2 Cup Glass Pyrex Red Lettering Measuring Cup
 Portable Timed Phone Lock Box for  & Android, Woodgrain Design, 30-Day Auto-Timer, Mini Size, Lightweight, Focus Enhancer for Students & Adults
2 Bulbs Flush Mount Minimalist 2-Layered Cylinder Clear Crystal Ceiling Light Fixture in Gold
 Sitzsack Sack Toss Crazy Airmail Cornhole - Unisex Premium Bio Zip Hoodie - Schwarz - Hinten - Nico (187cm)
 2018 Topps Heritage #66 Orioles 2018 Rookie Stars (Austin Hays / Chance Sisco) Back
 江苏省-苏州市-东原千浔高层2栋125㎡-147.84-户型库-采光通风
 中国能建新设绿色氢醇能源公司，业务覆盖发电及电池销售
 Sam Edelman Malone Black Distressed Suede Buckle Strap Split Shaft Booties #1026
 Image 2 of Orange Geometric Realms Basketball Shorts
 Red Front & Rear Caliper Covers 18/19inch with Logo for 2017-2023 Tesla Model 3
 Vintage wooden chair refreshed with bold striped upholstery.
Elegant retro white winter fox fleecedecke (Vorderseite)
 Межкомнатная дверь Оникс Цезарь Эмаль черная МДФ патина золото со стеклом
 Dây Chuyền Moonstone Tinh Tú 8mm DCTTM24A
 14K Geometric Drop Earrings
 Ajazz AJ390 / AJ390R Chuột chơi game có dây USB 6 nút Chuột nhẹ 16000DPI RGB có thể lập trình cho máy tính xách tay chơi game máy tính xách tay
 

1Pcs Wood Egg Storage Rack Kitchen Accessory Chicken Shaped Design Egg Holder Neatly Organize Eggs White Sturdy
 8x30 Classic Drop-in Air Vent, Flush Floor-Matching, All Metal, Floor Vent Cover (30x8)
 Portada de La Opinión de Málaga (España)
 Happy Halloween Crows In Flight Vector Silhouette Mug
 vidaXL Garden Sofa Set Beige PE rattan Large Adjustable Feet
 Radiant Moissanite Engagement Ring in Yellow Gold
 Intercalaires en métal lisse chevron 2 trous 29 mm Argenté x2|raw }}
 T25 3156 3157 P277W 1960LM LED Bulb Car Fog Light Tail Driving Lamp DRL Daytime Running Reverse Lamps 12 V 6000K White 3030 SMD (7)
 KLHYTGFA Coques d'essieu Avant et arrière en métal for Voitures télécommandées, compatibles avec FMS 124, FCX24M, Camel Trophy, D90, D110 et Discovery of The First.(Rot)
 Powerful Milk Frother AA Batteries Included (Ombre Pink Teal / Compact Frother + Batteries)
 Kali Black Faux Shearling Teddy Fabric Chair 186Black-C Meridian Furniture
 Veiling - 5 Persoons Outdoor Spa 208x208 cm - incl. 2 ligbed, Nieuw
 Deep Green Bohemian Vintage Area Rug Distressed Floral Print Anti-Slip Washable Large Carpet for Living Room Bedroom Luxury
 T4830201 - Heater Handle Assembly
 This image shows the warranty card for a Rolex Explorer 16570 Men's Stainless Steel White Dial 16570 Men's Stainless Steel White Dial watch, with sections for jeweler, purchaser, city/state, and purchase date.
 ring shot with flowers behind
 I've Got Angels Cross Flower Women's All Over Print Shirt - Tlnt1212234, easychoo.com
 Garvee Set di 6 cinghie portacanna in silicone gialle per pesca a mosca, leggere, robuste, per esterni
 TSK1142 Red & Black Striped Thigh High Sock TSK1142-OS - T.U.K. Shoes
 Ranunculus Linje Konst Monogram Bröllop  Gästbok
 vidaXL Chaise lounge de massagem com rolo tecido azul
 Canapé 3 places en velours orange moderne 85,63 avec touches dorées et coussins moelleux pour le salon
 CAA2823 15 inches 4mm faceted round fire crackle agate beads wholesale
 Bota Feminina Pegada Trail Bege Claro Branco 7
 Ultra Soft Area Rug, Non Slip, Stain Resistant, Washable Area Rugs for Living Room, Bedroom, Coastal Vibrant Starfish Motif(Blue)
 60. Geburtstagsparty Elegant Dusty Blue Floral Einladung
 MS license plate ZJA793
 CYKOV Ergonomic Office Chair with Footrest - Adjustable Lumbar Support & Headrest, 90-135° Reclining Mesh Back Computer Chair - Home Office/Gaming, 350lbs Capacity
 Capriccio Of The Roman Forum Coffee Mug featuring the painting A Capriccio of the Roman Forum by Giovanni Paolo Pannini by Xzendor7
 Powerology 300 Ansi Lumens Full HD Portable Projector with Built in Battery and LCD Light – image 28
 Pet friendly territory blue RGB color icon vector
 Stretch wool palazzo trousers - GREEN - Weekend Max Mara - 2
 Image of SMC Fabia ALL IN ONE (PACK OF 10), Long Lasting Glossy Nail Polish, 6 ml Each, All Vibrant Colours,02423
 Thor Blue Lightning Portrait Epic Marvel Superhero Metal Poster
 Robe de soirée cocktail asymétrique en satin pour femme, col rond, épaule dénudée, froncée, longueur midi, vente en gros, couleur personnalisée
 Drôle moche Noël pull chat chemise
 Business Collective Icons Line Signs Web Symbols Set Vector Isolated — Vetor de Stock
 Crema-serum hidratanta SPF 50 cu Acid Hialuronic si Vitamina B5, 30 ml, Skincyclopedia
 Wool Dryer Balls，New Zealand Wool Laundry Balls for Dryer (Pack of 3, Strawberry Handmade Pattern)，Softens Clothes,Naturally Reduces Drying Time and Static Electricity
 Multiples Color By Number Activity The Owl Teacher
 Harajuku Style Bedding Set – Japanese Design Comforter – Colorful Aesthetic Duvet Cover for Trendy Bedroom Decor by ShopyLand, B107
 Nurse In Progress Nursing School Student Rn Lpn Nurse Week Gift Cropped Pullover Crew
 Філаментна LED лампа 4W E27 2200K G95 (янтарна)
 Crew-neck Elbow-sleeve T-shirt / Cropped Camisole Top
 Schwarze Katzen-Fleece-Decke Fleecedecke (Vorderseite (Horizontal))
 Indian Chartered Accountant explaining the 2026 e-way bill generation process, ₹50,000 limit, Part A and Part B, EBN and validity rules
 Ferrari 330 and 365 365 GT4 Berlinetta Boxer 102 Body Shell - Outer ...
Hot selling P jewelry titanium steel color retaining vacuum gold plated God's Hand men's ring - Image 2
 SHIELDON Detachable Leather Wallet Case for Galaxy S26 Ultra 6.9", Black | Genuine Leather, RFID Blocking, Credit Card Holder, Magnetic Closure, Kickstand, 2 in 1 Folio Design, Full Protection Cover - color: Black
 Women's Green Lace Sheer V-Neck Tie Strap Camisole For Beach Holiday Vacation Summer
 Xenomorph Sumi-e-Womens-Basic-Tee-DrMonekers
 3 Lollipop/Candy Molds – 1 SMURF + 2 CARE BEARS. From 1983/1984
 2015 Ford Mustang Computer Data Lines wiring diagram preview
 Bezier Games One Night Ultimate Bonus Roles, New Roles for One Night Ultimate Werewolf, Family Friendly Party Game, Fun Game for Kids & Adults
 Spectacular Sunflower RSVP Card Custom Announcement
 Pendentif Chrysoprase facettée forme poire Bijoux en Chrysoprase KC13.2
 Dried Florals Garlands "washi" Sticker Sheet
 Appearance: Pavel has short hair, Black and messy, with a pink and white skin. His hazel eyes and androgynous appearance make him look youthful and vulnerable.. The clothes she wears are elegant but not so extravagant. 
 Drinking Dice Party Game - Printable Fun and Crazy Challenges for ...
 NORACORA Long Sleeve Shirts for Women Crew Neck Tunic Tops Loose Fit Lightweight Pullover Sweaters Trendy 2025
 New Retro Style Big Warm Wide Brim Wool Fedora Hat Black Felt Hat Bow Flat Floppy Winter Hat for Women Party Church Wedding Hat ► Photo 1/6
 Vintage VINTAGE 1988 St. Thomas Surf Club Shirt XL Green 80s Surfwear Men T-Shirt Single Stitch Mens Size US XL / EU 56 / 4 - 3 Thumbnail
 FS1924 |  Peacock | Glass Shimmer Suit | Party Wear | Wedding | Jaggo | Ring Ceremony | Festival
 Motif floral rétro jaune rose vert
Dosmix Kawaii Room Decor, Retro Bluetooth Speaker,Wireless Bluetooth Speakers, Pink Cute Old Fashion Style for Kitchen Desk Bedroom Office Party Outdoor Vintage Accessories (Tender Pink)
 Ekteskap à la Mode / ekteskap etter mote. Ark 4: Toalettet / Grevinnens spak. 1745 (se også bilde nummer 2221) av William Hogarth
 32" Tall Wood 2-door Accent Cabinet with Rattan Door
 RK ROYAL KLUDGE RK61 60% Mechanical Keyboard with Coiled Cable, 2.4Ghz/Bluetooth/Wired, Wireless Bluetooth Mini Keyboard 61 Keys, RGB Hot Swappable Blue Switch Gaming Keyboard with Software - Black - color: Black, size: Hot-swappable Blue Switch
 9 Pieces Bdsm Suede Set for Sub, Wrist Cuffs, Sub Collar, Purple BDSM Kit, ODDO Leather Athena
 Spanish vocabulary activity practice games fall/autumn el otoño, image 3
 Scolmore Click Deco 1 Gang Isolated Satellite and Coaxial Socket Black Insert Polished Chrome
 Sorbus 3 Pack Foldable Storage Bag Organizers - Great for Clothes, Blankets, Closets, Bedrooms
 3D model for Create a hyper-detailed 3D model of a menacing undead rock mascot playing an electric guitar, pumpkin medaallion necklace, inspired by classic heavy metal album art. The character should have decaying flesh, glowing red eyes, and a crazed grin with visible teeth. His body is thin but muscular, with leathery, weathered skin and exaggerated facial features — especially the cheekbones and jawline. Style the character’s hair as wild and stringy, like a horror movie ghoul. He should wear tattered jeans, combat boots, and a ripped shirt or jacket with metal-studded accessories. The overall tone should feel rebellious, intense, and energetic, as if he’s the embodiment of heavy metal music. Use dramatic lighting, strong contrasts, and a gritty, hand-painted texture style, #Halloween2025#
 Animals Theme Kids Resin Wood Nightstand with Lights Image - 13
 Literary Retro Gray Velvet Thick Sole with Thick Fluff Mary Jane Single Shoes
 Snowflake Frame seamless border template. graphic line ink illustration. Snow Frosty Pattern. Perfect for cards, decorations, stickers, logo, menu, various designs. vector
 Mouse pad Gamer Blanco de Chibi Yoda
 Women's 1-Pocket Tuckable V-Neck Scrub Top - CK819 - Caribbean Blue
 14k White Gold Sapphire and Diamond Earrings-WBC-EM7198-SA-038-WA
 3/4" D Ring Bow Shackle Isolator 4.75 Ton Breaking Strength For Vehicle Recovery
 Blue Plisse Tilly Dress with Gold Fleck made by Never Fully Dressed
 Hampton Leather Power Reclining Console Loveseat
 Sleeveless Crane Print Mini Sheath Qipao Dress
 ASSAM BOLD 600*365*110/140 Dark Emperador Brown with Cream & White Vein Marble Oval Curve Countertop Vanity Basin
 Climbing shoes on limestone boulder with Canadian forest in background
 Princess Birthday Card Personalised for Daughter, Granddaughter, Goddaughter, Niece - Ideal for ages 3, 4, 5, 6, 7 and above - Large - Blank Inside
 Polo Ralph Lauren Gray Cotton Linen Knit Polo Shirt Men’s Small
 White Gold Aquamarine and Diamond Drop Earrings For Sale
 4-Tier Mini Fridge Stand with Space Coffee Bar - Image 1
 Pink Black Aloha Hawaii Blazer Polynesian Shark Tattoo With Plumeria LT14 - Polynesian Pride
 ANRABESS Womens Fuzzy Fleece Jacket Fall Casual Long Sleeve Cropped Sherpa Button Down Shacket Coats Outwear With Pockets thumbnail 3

━━━━━━━━━━

EXERCISE DETAILS:
If a line comes after the one with "中国能建新设绿色氢醇能源公司，业务覆盖发电及电池销售", leave it out; reproduce exactly every line of the material from the first up to and including that one.

TASK ANSWER:
2 Cup Glass Pyrex Red Lettering Measuring Cup
 Portable Timed Phone Lock Box for  & Android, Woodgrain Design, 30-Day Auto-Timer, Mini Size, Lightweight, Focus Enhancer for Students & Adults
2 Bulbs Flush Mount Minimalist 2-Layered Cylinder Clear Crystal Ceiling Light Fixture in Gold
 Sitzsack Sack Toss Crazy Airmail Cornhole - Unisex Premium Bio Zip Hoodie - Schwarz - Hinten - Nico (187cm)
 2018 Topps Heritage #66 Orioles 2018 Rookie Stars (Austin Hays / Chance Sisco) Back
 江苏省-苏州市-东原千浔高层2栋125㎡-147.84-户型库-采光通风
 中国能建新设绿色氢醇能源公司，业务覆盖发电及电池销售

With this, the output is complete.